Events we want to analyze relate to the events around authentication and are generated mostly from logging on, logging off or locking and unlocking the computer, which corresponds to events of ids 4624, 4634, 4648, 4625 and 4768.
As the data we look at comes from events performed by a user, it is difficult to have a sufficient variety and quantity of events for analysis in the early days. Benign data are difficult to obtain immediately, aside from turning and locking on and off the virtual machine multiple times in a row, there are no direct solutions. However, the data generated this way strays from real-world data as it does not properly simulate a typical user activity.
It takes several days, even weeks for the number of benign events to be sufficient for analysis. This wait, in addition to being time-consuming, sometimes requires human intervention on the virtual machine. In order to accelerate this process, once the format of the events is known, we can synthetically generate more data by oversampling the events initially created as the studied events are often structured in the same way. This oversampling is done by adding events from successful connections (of type 4624), as these are the most easily reproducible events.

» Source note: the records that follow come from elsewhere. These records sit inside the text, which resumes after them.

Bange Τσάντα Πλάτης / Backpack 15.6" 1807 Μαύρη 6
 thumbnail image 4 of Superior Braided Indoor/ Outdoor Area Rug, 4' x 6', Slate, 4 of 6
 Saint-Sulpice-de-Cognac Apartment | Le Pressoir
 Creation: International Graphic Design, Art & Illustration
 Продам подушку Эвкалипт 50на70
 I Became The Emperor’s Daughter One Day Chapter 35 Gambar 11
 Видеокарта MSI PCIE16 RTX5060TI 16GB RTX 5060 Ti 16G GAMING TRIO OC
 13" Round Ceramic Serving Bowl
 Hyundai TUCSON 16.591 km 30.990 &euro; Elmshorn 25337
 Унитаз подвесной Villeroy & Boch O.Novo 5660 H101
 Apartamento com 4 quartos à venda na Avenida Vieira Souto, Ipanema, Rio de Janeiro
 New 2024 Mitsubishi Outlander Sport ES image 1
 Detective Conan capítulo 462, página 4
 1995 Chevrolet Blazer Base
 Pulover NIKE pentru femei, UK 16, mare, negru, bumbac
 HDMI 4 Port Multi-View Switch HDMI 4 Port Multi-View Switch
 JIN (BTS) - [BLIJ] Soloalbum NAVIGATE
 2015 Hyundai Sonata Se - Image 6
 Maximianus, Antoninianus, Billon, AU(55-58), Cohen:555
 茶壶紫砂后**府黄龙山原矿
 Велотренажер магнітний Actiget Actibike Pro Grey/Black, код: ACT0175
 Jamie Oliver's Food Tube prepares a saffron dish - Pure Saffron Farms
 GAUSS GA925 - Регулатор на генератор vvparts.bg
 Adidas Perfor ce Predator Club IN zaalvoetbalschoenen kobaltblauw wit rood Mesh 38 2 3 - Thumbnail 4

We looked at the Atomic Red Team’s GitHub to get an idea of possible attacks, mostly on Credential Access tactics. We based ourselves for example on a technique of brute force. There are many tools to generate attacks on an active directory. We focused on three known tools: Kerbrute, Talon and CrackMapExec.
When generating malicious attacks, it is capital to note the time of the attacks to have properly labeled data for later analysis.
We also got help from a member of the Cyber Threat Intelligence team – It is not the first time that we work in collaboration with the CTI, see this article – that helped us understand how some attacks work and brought us valuable insights on the attacks we made while crafting and executing complex attack scenarios on the machines.
For example, to launch a password spraying with
CrackMapExecwe performed the following command:
python cme smb ip_address -u common-usernames.txt -common-passwords.txt
ip_address is the one of the machine we want to run the attack on. The text files are files containing the most common usernames and passwords.
With each attack carried out, he provided us a detailed report on the scenario ran and on the identifiable events made during it.
Conclusion: running a laboratory that generates real data to help AI
This infrastructure allows the AI team to save time in data generation and enhance independence. This article specifically outlined the generation of Windows Event logs because the AI team is currently working on a model that detect suspicious authentications on Windows computers.
These virtual machines will allow our team, beyond the Windows Event logs, to study other types of data. On the technical improvement side, we could set up a schedule for our virtual machines in order to turn them on/off at normal working hours and reproduce a customer’s behavior. As virtual box is not the best option because it is slow and use a lot of resource, we could use QEMU to manage our virtual machines.
Data remains the main problem when studying a new topic in AI but we have seen that it can be solved by running a dedicated laboratory that generates real data, as similar as possible to what is seen in production.